Foto de la portada de Hooker'n'Heat (Liberty, 1970)
con los miembros de la banda y John Lee Hooker de duelo.
On the road again, del álbum Boogie with Canned Heat (Liberty, 1968) es un absoluto canto a la libertad, remarcada por la personalísima voz de Wilson, el tono absolutamente imposible de armónica y el uso de la tambura hindú. La escuchamos aquí en una versión en directo en el Beat Club (14/IX/1968):


Well, I'm so tired of crying,
But I'm out on the road again (I'm on the road again) (x2)
I ain't got no woman, just to call my special friend.

You know the first time I travelled
Out in the rain and snow (in the rain and snow) (x2)
I didn't have no payroll, not even place to go.

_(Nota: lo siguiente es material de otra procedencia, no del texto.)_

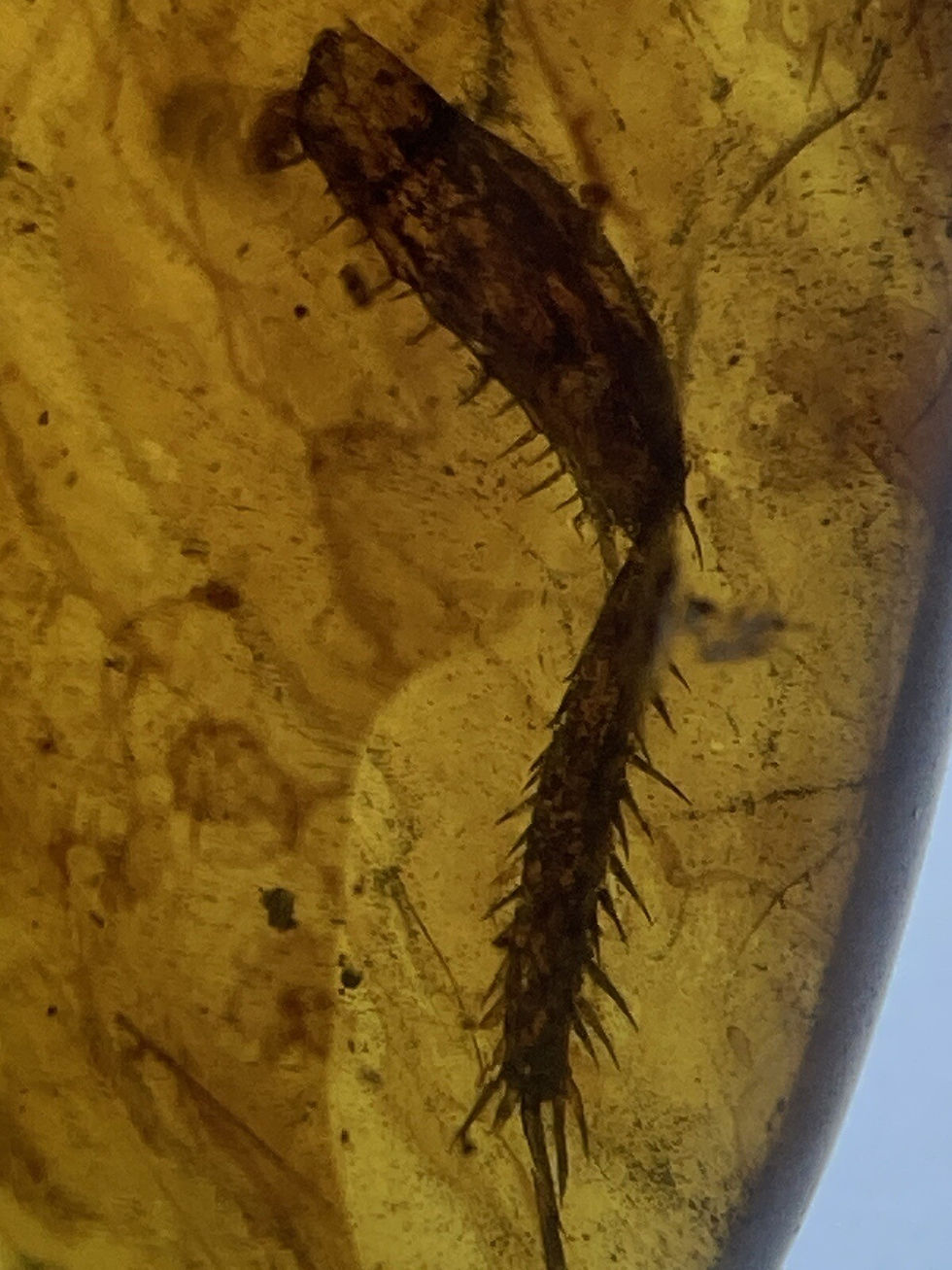 Thumbnail: Huge 13mm Cockroach Leg, Clear Roach Fossil In Genuine Burmite Amber, 98MYO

And my dear mother left me,
when I was quite young (when I was quite young) (x2)
She said: "Lord, have mercy on my wicked son".
Estoy muy cansado de llorar,
pero estoy de nuevo fuera, en la carretera (estoy de nuevo en la carretera).
No tengo mujer a la que llamar mi amiga especial.
¿Sabes? La primera vez que viajé
con lluvia y nieve (bajo la lluvia y la nieve)
no tenía paga, ni siquiera un lugar adonde ir.
Y mi querida madre me dejó
cuando era muy joven (cuando era muy joven). 
Me dijo: "Señor, apiádate de mi niño travieso"
Take a hint from me, mama,
please don't you cry no more (don't you cry no more) (x2)
'cause it's soon one morning down the road I'm going.
Pilla la indirecta, cariño,
por favor, no llores más (no llores más)
porque pronto, una mañana me iré por la carretera.
But I ain't going down
that long old lonesome road all by myself (x2)
I can't carry you, baby, gonna carry somebody else.
Pero no recorreré
esa larga, vieja y triste carretera yo solo.
Si no puedo llevarte, nena, me llevaré a cualquier otra.


Recorramos la carretera. Solos o con alguien, pero que no sea impuesto, siempre en buena compañía. Sea la carretera (y la compañía) larga o corta. Salgamos otra vez a la carretera.